Located in Tokyo, Hyde employs 50 people and works on eight to 10 games a year, doing a little bit of everything — programming, art, game design. It works with large publishers such as Konami, Bandai Namco and Square Enix. And unlike most Western studios Polygon spoke to for this story, Hyde doesn’t typically sign paperwork limiting what it can say; it simply makes a verbal agreement with the client.

Yanagihara says that, since many of Japan’s larger publishers have recently stopped growing or have reduced their in-house resources, they have needed to rely on studios like Hyde to fill in the gaps. He also says that, particularly with long-running franchises in Japan, those publishers prefer to keep the specifics of who makes the games out of the public eye.

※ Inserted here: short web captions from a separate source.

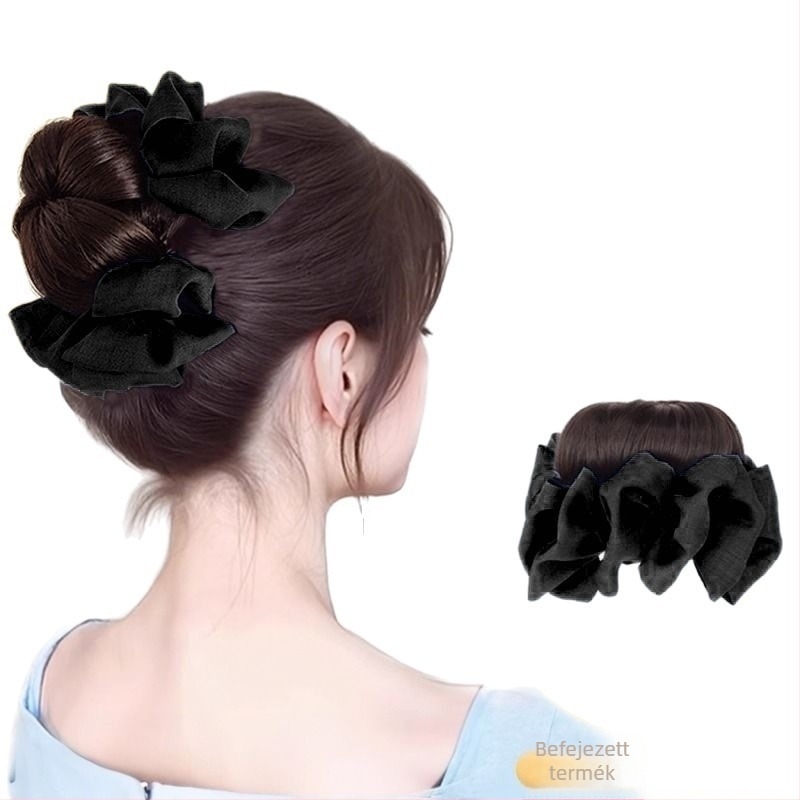Női hajcsat Bowknot a magas copfhoz, styling eszköz, magas hőmérsékletű huzalból készült póthaj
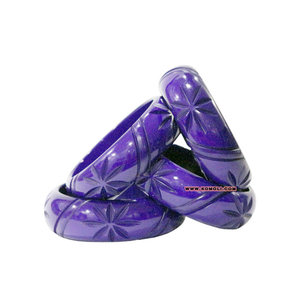Brazalete tallado de flor de cuatro estrellas, joyería vintage, joyería hecha a mano India - Product Image 3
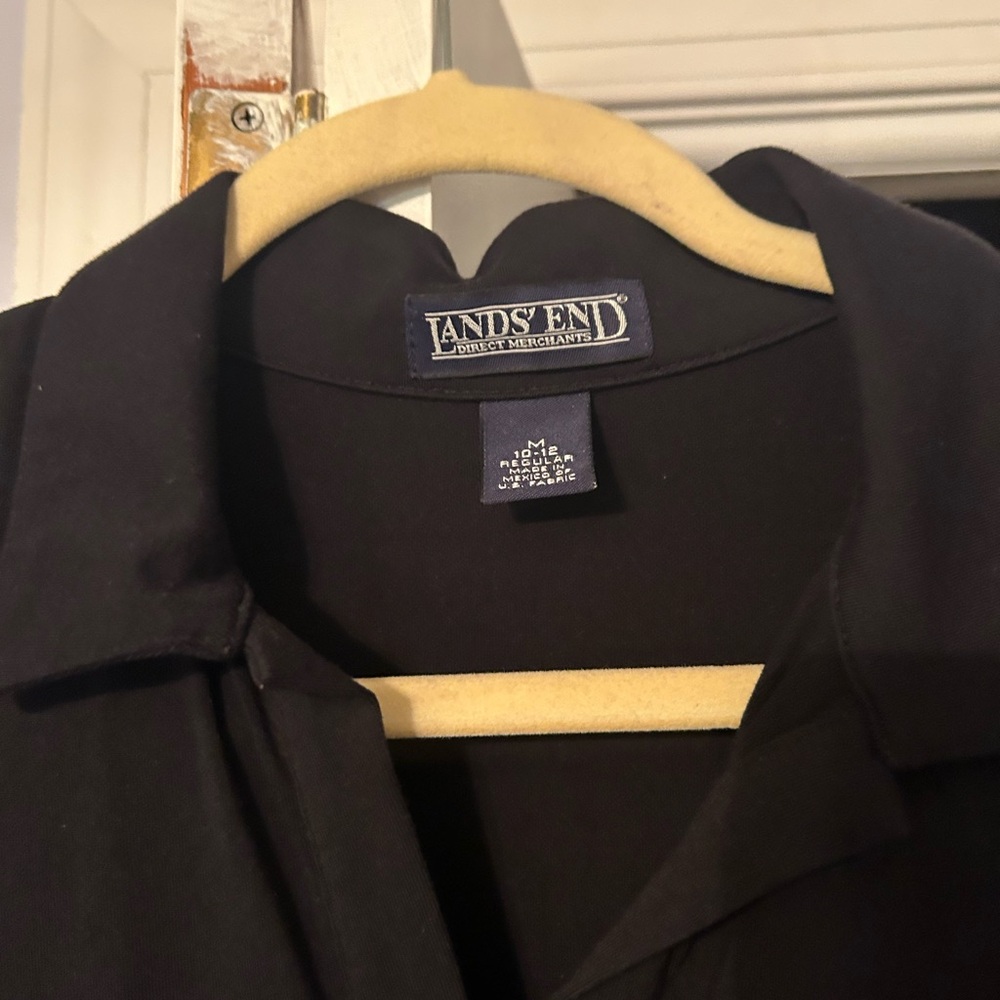 Lands' End Black Polo Dress -  no buttons 3/4 sleeves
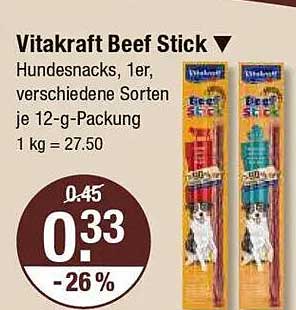 Vitakraft Beef Stick - Hunde Snacks, 1er, verschiedene Sorten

(click image to read more)

For Yanagihara, it comes down to what’s best for the product. He thinks it’s common in the U.S. for players to buy a game because they follow the development team working on it, while in Japan it’s more common for players to buy a game because they’re familiar with the publisher.

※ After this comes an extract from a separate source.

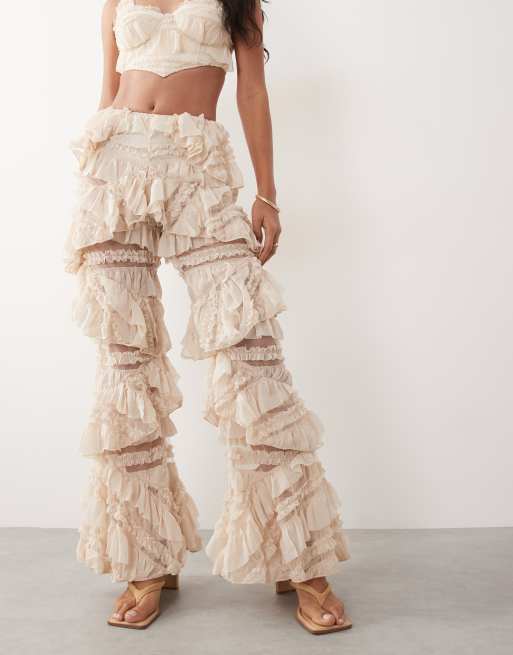 ASOS LUXE - Broek met wijde pijpen en ruches in crème, deel van co-ord set, 2 van 5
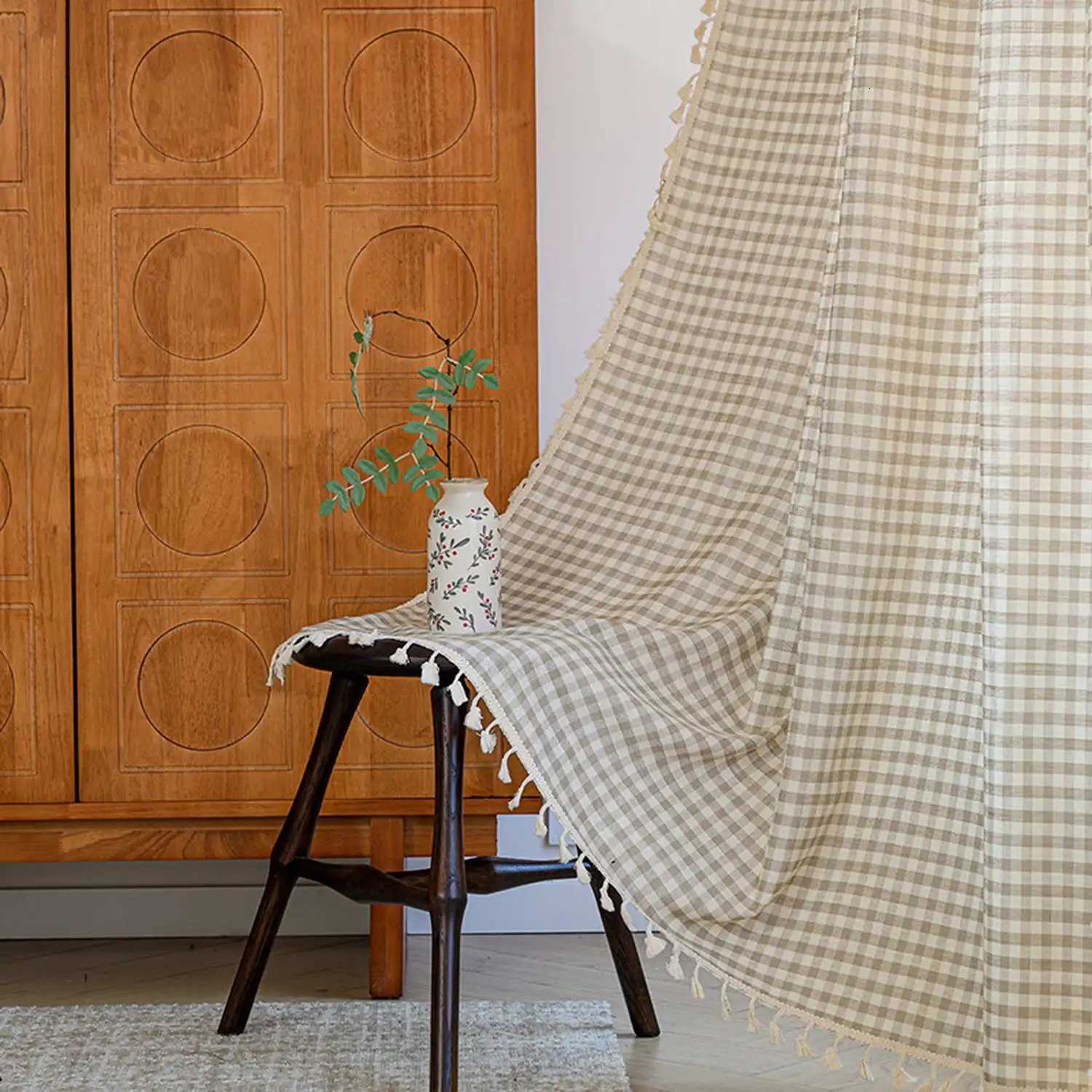 Curtain Christmas Plaid Curtains with Tassel Privacy Protection Window Treatments for Bedroom Living Room Rod Pocket Design Home Decoration Y251126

"For example, with Call of Duty a lot of people [in the U.S.] might not think, ‘I’m gonna buy this game because it’s from Activision.’ They might say, ‘I’m going to buy this game because it’s from Infinity Ward,’" he says. "... In Japan, it’s very common to say, ‘I’m going to buy this game because it’s Square Enix. I’m going to buy this game because it’s Atlus. I’m going to buy this game because it’s Nintendo.’

"If you go the extra step and say, ‘Well actually, it’s created by this person,’ then it kind of weakens the player’s impression because it’s somebody they don’t know, or it’s a developer they didn’t expect. And there’s always a little bit of a fear that if you go that far and say that much, then the title won’t sell as much and it’ll be harder to market."

He sees multiple other benefits to the approach as well.

On a practical level, it allows Hyde to work on two competing products simultaneously. Yanagihara gives an example from a few years back, when Hyde worked on a soccer game for Sega (which doesn’t have an English title but translates to "Let’s Make a Pro Soccer Club"), while working on another soccer title he can’t name at the same time. By keeping Hyde’s name out of the public eye, those games’ publishers didn’t have to worry about confusing players.

"It’s kind of a marketing strategy," he says."We don’t want everybody to think, ‘Hey, these guys make all the soccer games. Why is this one better than this one?’"

Staying in the shadows also allows Hyde access to work on big franchises, work that Yanagihara says would be less available under other circumstances. And he says the approach allows him to get honest feedback when he talks about games with friends, since they don’t know Hyde worked on them.

Yanagihara believes in Hyde’s approach to the degree that he’s sometimes hesitant to name names even when he gets approval from the client. Hyde did programming work on a recent numbered Final Fantasy game, for instance, but Yanagihara declines to say which part of which game because he doesn’t want to dilute the messaging for players.

"I can’t say exactly what it is, because then people will say, ‘Wait, Square Enix didn’t make that? I thought they were making it,’" he says. "I have an OK to say it, but I still don’t want to step on anybody’s toes."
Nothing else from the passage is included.